The battle to beef up the DeKalb County police budget is moving into the next phase.
And Police Chief Terrell Bolton is leading the charge, after failing on Tuesday, once again, to convince county commissioners to come up with more cash for the cops ? for four percent pay raises (for police officers, firefighters, and all others who wear a badge), and for new equipment such as Tasers and dashboard video cameras that a special Grand Jury declared the officers should have.
Homeowners across DeKalb County are following the chief into battle.
"We had cars broken into in our driveway," said Terri Fischer of Stone Mountain, "the police responded very quickly."

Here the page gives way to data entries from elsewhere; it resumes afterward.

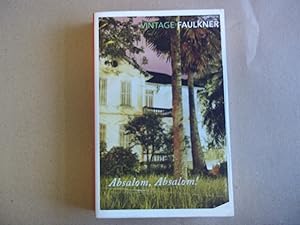 Imagen del vendedor de Absalom, Absalom!: William Faulkner (Vintage classics) a la venta por Carmarthenshire Rare Books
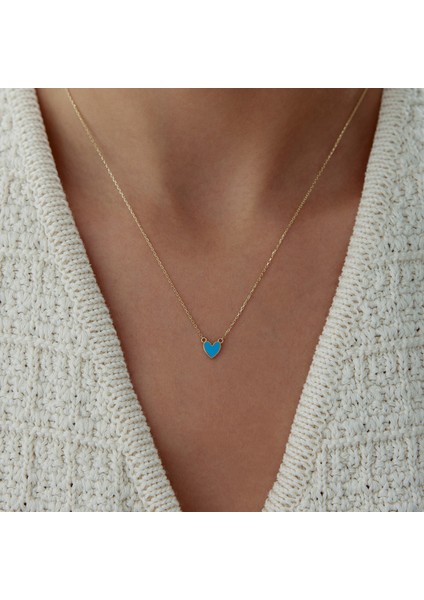 Ocean Heart Kolye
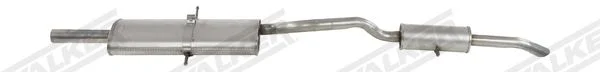 Rear Muffler WALKER 21521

Fischer and her grown daughter, Sheila Cocchi, are lifelong residents of DeKalb County, but only recently decided they needed to help Chief Bolton try to convince the county commission to approve the pay raise.
And when asked if they've become "activists," they both laughed.
"We've been called that," Cocchi said.
"We've been called that by one of the commissioners, recently," Fischer said, "and I didn't know whether to take it as an insult or a complement, but I guess it's a complement."
They and others like them are new to the world of DeKalb County politics -- encouraged to get involved by Chief Bolton. He has been going to neighborhood associations and civic clubs, aggressively campaigning for support, and transforming homeowners, taxpayers ? voters ? into activists for his department.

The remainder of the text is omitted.